Confessions of a St. Patrick’s Day Curmudgeon


While most kids look forward to Christmas, when I was a child, St. Patrick’s Day (along with Thanksgiving) was one of my favorite days of the year.  It was a big day in my family usually involving going to the parade in New York and seeing family and friends we hadn’t seen in a while.  Then there was the music, the stories of St. Patrick, the history of Ireland and the Irish in America.  Growing up in a town where the dominant population was Italian-American, it also helped that there was one day a year where everyone wanted to be Irish.  The element of pride was strong.

Things started to change when I moved to Virginia.  If people celebrated St. Patrick’s day at all it was at a most superficial and sterotypical levely.  Mostly it was just an excuse to get drunk.  I thought St. Patrick’s Day would be better when I moved to Boston, but even in this most Irish of American cities I find the magic of my childhood lacking.  I still look forward to St.

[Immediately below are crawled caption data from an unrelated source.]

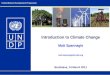 Climate change 101 - Introduction to Climate Change Science (UNDP presentation)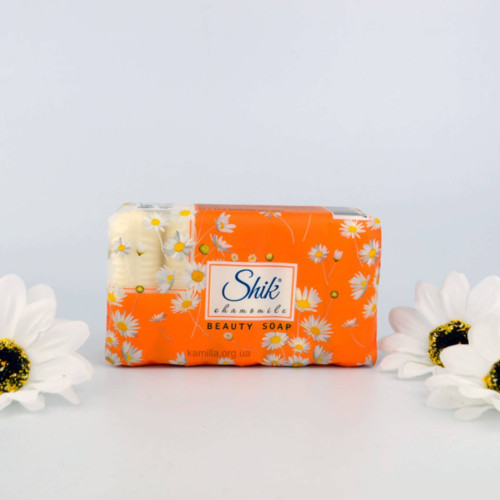 Мило тверде Shik Beauty Soap  5*70г Ромашка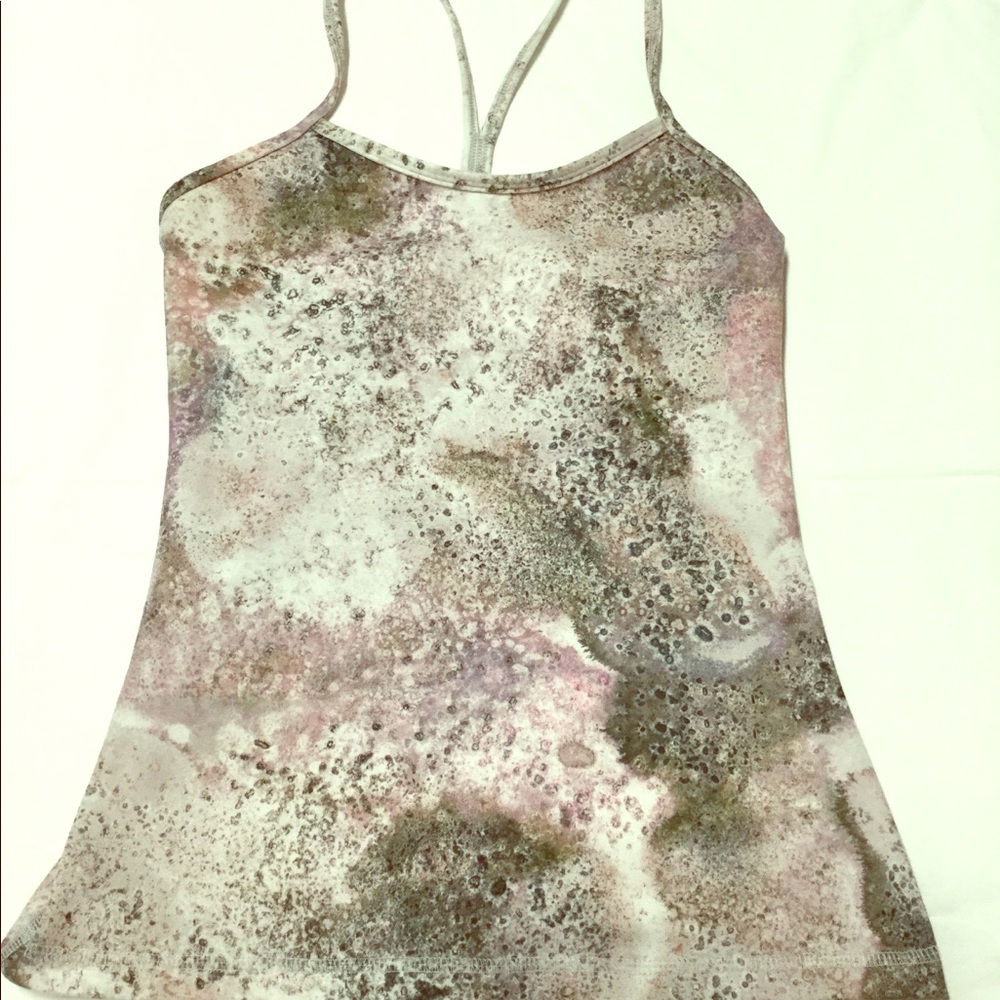 Lululemon racerback top sz4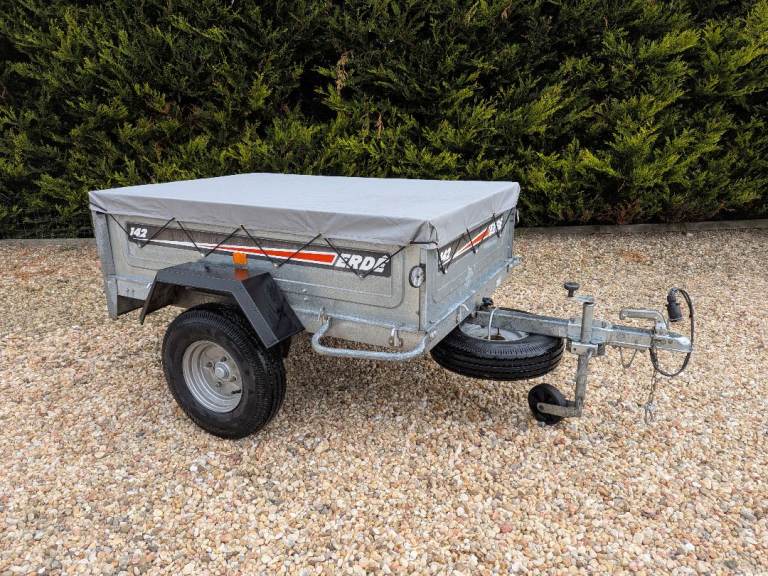 Erde 142 Camping/Tipping Trailer - Excellent Condition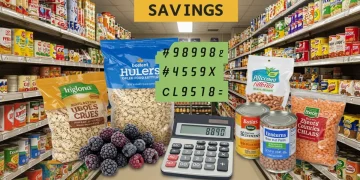 Budget-friendly groceries for healthy eating and financial savings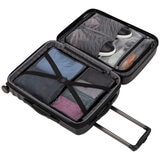 American Tourister Tranquil 3 Piece Luggage Set Black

Patrick’s Day but usually end up a little disappointed.  Here are some things that contribute to my ambivalence:

  • Wearing of the green – not bad in itself although some people really stretch the definition of green to include lime, chartreuse, olive drab and teal.  Worse, they wear all those colors at once.  I’m more perturbed by the self-imposed enforcers who critcize anyone in green.  In years past I’ve worn sweaters made in Ireland thinking it more authentic, but there’s no pleasing the Green Team.  Which brings me to:
  • Pinching – Who came up with this crock?  I lived 18-years in an Irish-American family interacting with Irish-American communities before I ever heard of the idea that you pinch people who don’t wear green when I started college.  People act as if it’s some ancient Irish tradition, but I’m certain it’s a fairly recently innovation created to appeal to everyone’s inner sadist and I hope it goes away soon.
  • Beads – It seems that wearing cheap plastic green beads is the thing to do these days on St. Patrick’s Day, even though it’s an obvious rip-off of New Orlean’s Mardi Gras.  Granted, both holidays are about a month a part, have Catholic roots, and have a lot of revelry, but IIRC even in Mardi Gras the beads are a cheapening of a richer holiday tradition.  Lets can this one too.
  • 364 days a year, one can visit a pub in the greater Boston and hear a great performance of Irish music – traditional or contemporary – and meet interesting people while quaffing a tasty Irish beer.  One day a year you can wedge yourself into an Irish pub with a bunch of drunken frat boys, listen to cheezy Oirish music and drink green-dyed Corona and pay a 20$ (or more) cover charge for the privilege.  Guess which day this is?
  • Danny Boy – once upon a time this was probably a lovely song, but these days this performance is not too far off the mark:
  • Parades on St. Patrick’s day are a good way to celebrate the arts, culture, faith, and history of the Irish people but (in America at least) they are tainted by homophobia, militarism, and racism.
  • The stupid t-shirts

Could be I’m just a grump.  I’m cheered though that my wife brought home Dubliner cheese and Irish soda bread for supper which we enjoyed with (German) beer and (Italian) pasta.  Then we danced to some Irish music with our little boy.  I’ll need to find some new traditions to make St. Patrick’s Day as memorable for him as it was for me.